- **EXERCISE OBJECTIVE**:
Using the records below, output the stretch that opens with the line containing "18k Gold Morganite Diamond Pendant Necklace" and closes with the line containing "Vintage Original Floral", exactly and including both lines, with nothing more.

- **THE DATA**:
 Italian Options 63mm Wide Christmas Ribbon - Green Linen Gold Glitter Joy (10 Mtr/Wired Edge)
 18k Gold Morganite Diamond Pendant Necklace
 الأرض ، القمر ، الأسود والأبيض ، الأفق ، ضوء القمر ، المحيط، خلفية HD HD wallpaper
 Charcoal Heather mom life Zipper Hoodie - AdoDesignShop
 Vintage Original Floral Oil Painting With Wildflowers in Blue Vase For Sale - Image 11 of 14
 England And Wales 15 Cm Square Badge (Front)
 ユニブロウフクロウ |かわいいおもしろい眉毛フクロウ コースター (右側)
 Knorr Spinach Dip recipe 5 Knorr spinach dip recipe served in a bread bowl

...

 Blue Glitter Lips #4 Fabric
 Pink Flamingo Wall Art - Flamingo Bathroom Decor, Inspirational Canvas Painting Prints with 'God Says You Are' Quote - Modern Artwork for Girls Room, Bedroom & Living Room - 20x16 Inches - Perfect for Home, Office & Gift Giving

- **RESPONSE FOR THIS EXERCISE**:
 18k Gold Morganite Diamond Pendant Necklace
 الأرض ، القمر ، الأسود والأبيض ، الأفق ، ضوء القمر ، المحيط، خلفية HD HD wallpaper
 Charcoal Heather mom life Zipper Hoodie - AdoDesignShop
 Vintage Original Floral Oil Painting With Wildflowers in Blue Vase For Sale - Image 11 of 14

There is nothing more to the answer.